# Looking for a dash compartment(pic)



## Nunez (May 17, 2014)

Kind of pricy for me but it may be in your price range:
Chevy Cruze Dash Storage Compartment Brown | eBay


----------



## spacedout (Dec 7, 2010)

That Ebay one is brown.


----------



## AkA koRe (Mar 18, 2014)

Pricy for me as well, but the only one I can find. None of the salvage yards around here have a cruze in. I need it to try to fab something for a tablet mount(I have mylink so the kit doesn't work) I was hoping that someone who has done the tablet conversion would have one they would want to get rid of.

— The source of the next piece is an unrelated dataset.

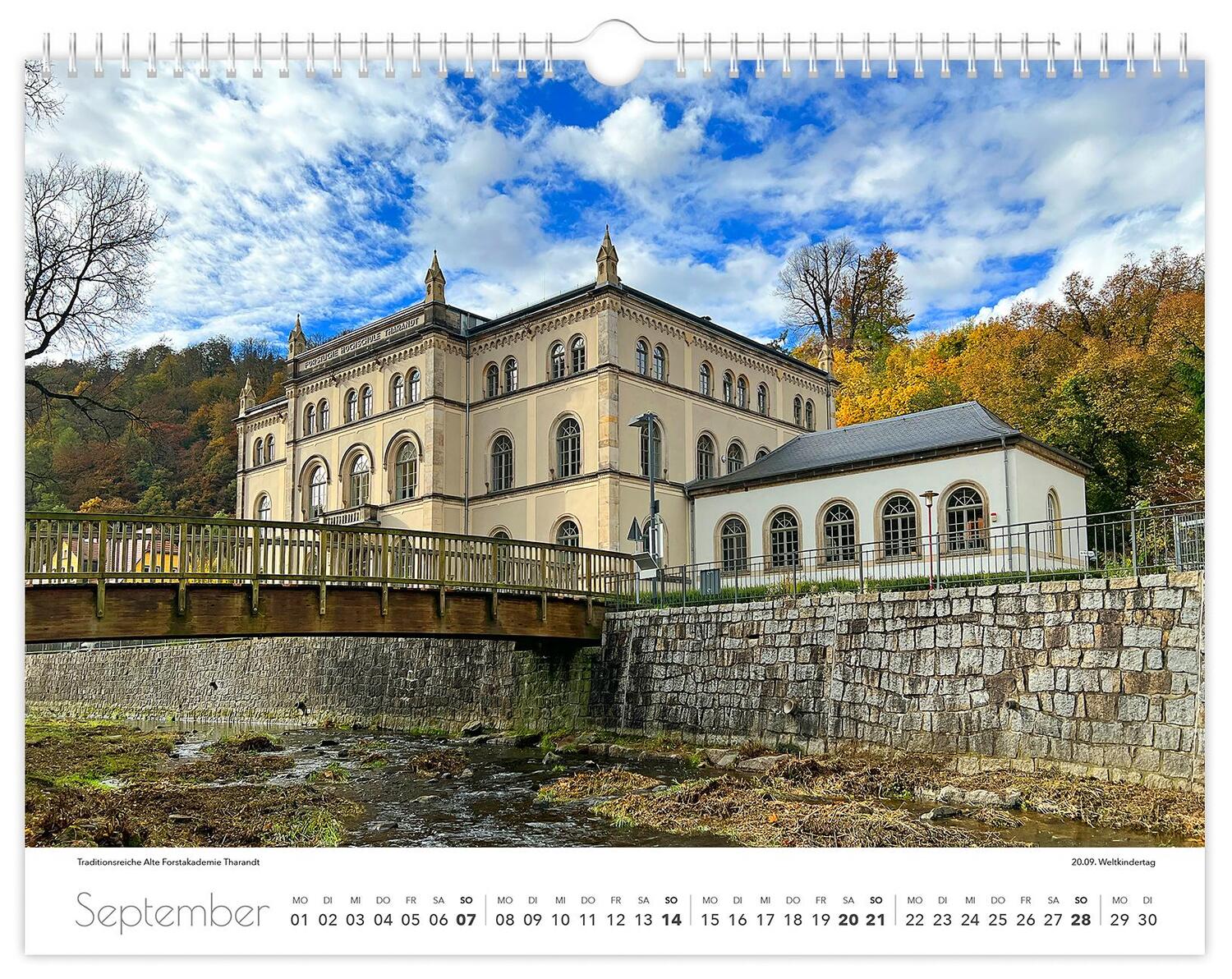 Bild: 9783910680647 | Kalender Tharandt und Umgebung 2025 | 40 x 30 cm weißes Kalendarium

Sent from AutoGuide.com Free App


----------



## spacedout (Dec 7, 2010)

why not just go to the dealers parts department with the part number and have them order it for you? or order online for a bit more savings?


----------



## RWise (Sep 23, 2013)

I just went to the dealer and ordered mine. Ordered the pad (95965331) that goes inside as well. The compartment was $98 and the pad was $16. Was really surprised that the compartment wouldn't hold a pair of sunglasses. I store napkins in it. Anything electronic will melt. Kind of a waste of money if you ask me. My Chevy HHR has plenty of room in the compartment.


Sent from AutoGuide.com Free App


----------



## Joegonzales22 (Oct 26, 2013)

I always forget its there honestly!! It needs to be a couple inches deeper like the one in my old HHR. Not complaining though, I use the center console unit instead.


----------



## spacedout (Dec 7, 2010)

RWise said:


> I just went to the dealer and ordered mine. Ordered the pad (95965331) that goes inside as well.


Do you remember the part number of the compartment to help the OP find this online? I can't believe they charge $16 for that rubber liner insert!


----------



## RWise (Sep 23, 2013)

spacedout said:


> Do you remember the part number of the compartment to help the OP find this online? I can't believe they charge $16 for that rubber liner insert!


Yea the compartment part number is BLACK(95910293), and COCOA(95910294). Unless I'm mistaken the dashes in the Cruze only come in black or cocoa. 


Sent from AutoGuide.com Free App


----------



## spacedout (Dec 7, 2010)

Geez if I had known it was this expensive I would have thought twice about drilling a hole under the rubber insert of mine for my GPS power cable.


----------